▶ [Task prompt]: Starting at the line that contains "Levi’s 505 Regular" and ending at the line that contains "Link in bio or DM", the lines below are to be given again exactly, with nothing added.

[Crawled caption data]
☆ ☆ ☆ ☆ ☆

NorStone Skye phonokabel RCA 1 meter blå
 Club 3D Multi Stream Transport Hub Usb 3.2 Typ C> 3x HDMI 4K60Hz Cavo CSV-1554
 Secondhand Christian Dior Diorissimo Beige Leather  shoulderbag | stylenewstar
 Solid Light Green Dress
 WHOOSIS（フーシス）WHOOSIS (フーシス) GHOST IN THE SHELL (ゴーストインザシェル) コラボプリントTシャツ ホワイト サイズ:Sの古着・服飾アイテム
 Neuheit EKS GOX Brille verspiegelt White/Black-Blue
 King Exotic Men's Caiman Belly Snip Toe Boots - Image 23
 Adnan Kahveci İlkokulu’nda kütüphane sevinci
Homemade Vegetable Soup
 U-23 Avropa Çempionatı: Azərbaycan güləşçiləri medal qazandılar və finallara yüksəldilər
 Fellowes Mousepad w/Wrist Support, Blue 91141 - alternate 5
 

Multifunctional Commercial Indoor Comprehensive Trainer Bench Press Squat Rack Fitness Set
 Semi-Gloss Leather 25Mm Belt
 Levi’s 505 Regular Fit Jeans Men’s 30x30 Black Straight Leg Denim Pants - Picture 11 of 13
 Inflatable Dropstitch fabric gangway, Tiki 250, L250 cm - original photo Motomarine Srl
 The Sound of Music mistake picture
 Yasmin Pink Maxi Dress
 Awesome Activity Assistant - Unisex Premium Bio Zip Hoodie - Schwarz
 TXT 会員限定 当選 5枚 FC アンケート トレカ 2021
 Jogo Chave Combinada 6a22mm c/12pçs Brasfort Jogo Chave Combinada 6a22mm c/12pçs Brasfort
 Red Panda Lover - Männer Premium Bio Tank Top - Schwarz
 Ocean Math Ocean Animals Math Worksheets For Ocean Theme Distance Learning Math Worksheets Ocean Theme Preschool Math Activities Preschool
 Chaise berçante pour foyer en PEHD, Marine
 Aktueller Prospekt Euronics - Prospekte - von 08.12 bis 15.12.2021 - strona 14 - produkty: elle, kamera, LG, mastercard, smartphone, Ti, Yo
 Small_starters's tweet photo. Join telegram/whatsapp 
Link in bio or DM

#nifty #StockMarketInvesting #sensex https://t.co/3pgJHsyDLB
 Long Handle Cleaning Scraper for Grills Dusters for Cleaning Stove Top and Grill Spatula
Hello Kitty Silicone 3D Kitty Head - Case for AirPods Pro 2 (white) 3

☆ ☆ ☆ ☆ ☆

▶ [Reply to the exercise]:
 Levi’s 505 Regular Fit Jeans Men’s 30x30 Black Straight Leg Denim Pants - Picture 11 of 13
 Inflatable Dropstitch fabric gangway, Tiki 250, L250 cm - original photo Motomarine Srl
 The Sound of Music mistake picture
 Yasmin Pink Maxi Dress
 Awesome Activity Assistant - Unisex Premium Bio Zip Hoodie - Schwarz
 TXT 会員限定 当選 5枚 FC アンケート トレカ 2021
 Jogo Chave Combinada 6a22mm c/12pçs Brasfort Jogo Chave Combinada 6a22mm c/12pçs Brasfort
 Red Panda Lover - Männer Premium Bio Tank Top - Schwarz
 Ocean Math Ocean Animals Math Worksheets For Ocean Theme Distance Learning Math Worksheets Ocean Theme Preschool Math Activities Preschool
 Chaise berçante pour foyer en PEHD, Marine
 Aktueller Prospekt Euronics - Prospekte - von 08.12 bis 15.12.2021 - strona 14 - produkty: elle, kamera, LG, mastercard, smartphone, Ti, Yo
 Small_starters's tweet photo. Join telegram/whatsapp 
Link in bio or DM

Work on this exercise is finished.